__Exercise requirements__
Below are records with pictures; copy word for word only the lines between the line with "The New Tycoons: Inside" and the line with "Mac Annoyances: How", inclusive, and drop the pictures.

__Supplied material__
++++++++++

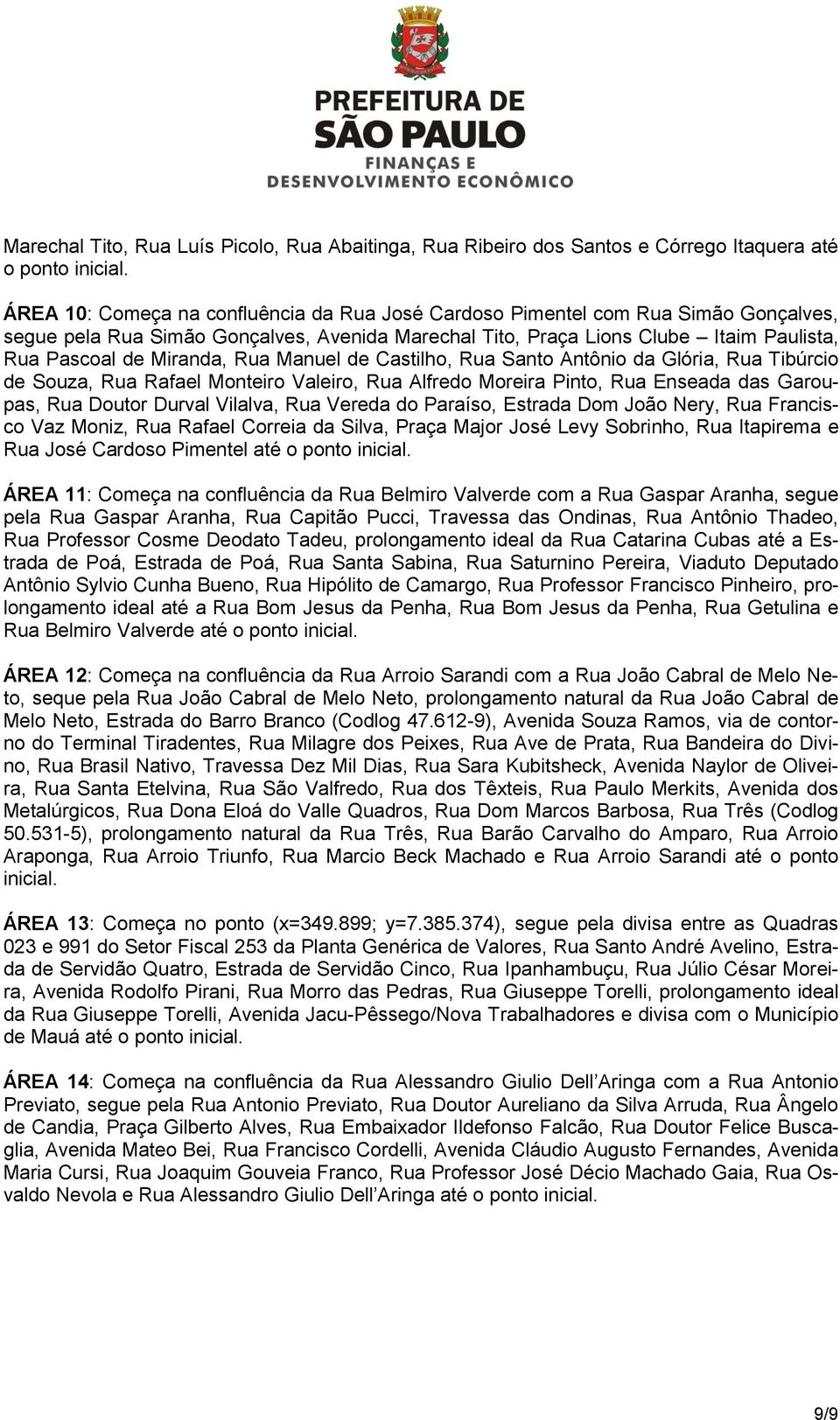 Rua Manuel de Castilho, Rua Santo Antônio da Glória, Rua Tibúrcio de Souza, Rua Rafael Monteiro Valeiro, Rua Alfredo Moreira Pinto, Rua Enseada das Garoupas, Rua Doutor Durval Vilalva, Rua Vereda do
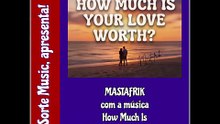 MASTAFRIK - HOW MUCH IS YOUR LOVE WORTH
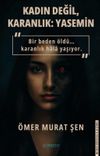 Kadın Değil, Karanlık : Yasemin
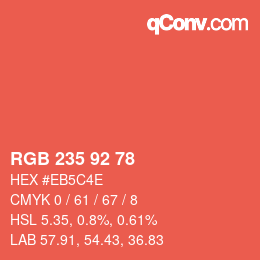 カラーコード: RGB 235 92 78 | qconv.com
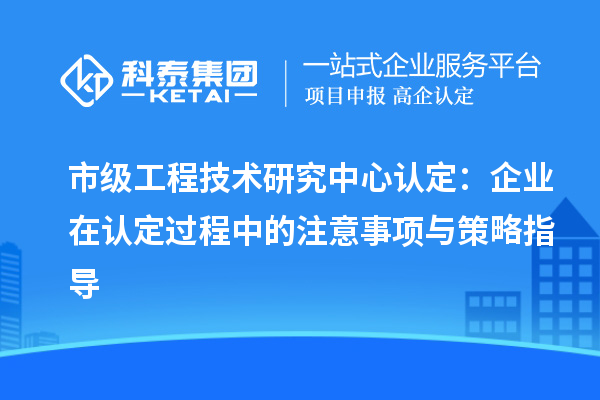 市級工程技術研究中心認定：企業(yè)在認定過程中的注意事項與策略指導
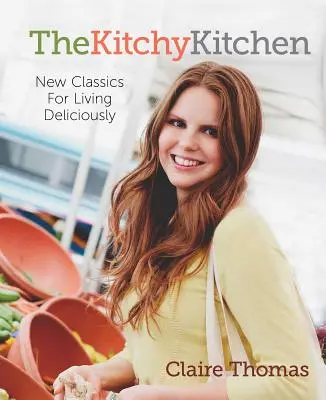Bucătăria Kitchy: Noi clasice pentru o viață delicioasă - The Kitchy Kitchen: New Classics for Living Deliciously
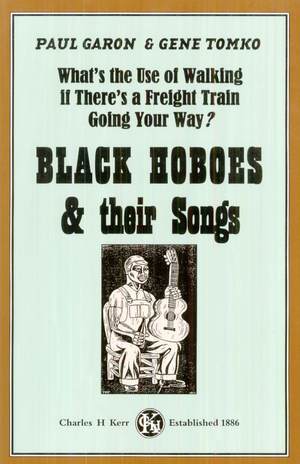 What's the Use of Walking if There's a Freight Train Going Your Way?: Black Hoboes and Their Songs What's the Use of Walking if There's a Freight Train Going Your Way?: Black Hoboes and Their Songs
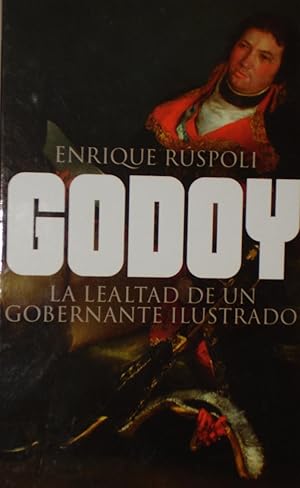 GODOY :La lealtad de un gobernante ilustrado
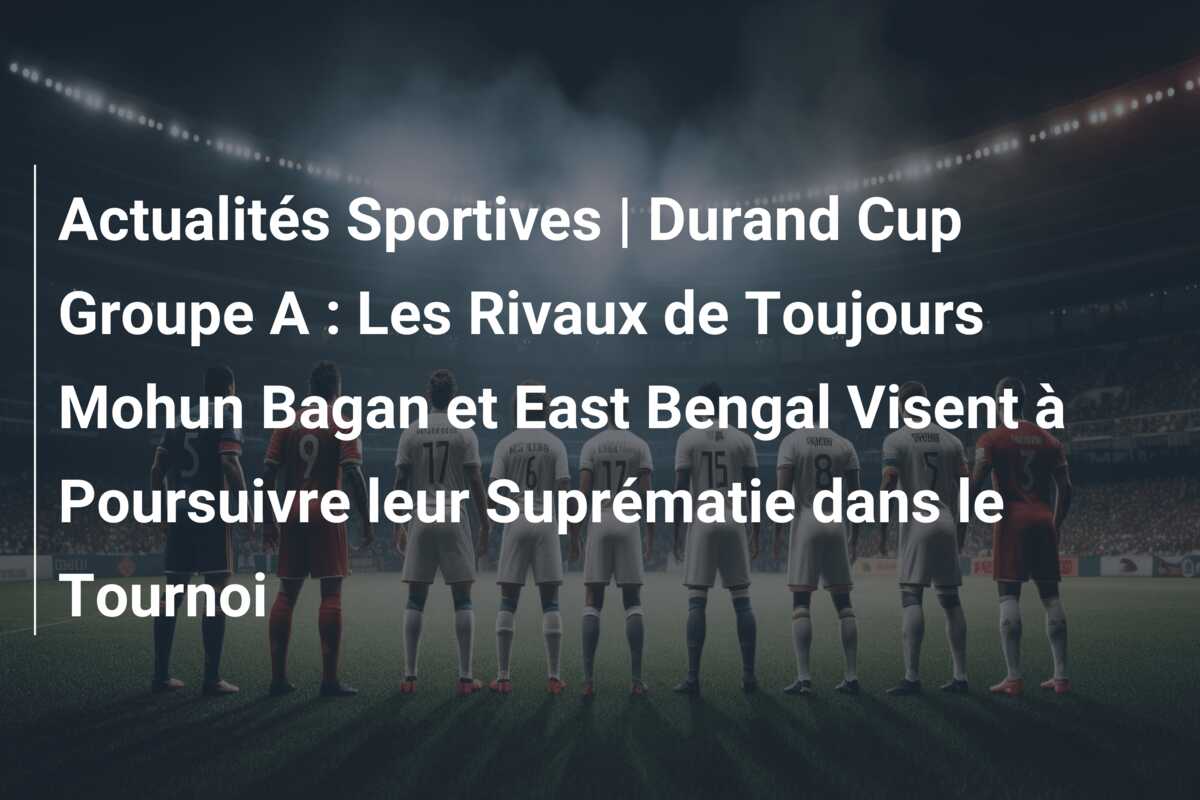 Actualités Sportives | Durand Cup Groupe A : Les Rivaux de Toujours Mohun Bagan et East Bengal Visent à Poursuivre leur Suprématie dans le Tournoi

++++++++++

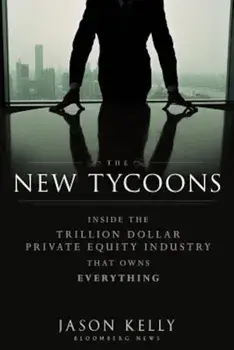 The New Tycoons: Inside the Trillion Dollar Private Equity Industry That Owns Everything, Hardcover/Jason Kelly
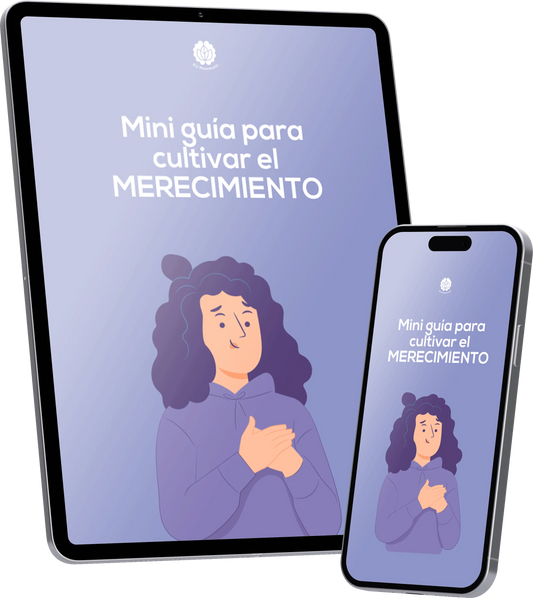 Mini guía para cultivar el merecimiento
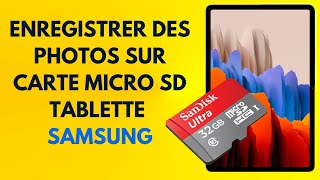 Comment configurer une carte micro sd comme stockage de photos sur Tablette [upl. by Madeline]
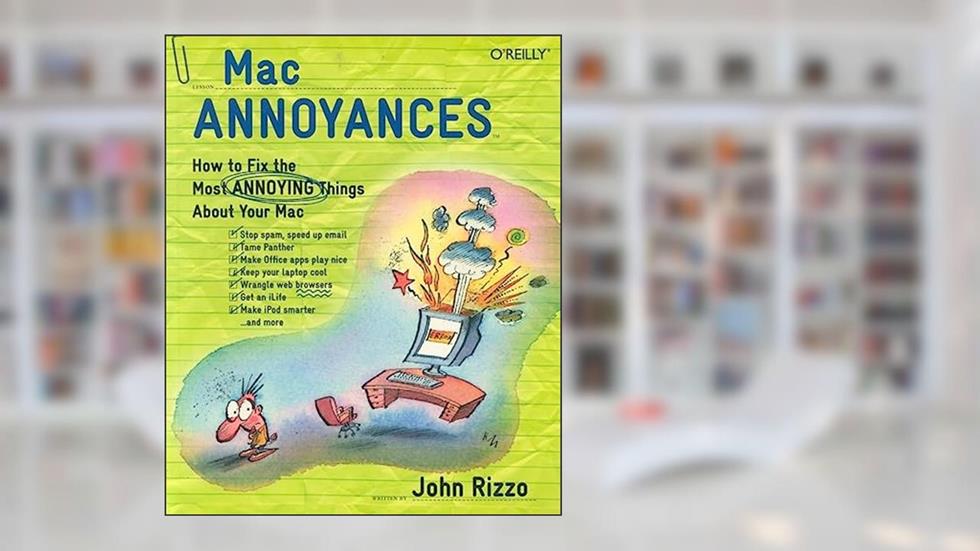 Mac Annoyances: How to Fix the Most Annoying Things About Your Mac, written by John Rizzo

++++++++++

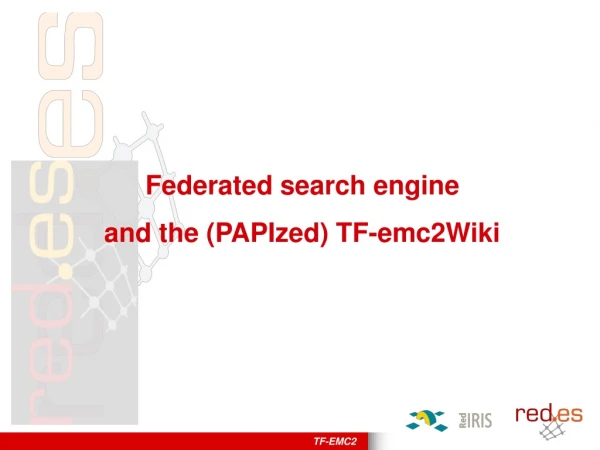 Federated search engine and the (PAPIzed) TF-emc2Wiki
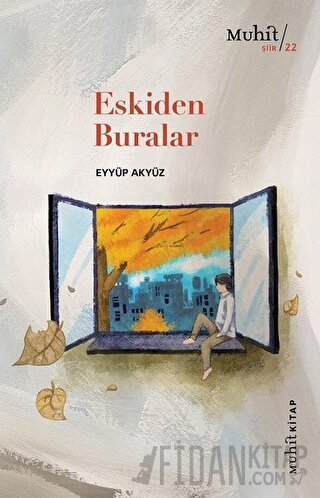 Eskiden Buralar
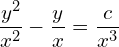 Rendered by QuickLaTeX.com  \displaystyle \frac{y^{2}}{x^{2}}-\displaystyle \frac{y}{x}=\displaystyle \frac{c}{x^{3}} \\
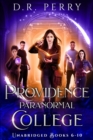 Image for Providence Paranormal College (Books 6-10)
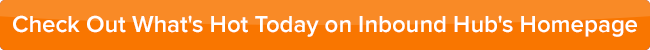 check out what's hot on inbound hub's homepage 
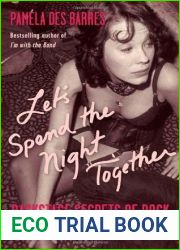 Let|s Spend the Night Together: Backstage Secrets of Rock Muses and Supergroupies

++++++++++

__Task result__
 The New Tycoons: Inside the Trillion Dollar Private Equity Industry That Owns Everything, Hardcover/Jason Kelly
 Mini guía para cultivar el merecimiento
 Comment configurer une carte micro sd comme stockage de photos sur Tablette [upl. by Madeline]
 Mac Annoyances: How to Fix the Most Annoying Things About Your Mac, written by John Rizzo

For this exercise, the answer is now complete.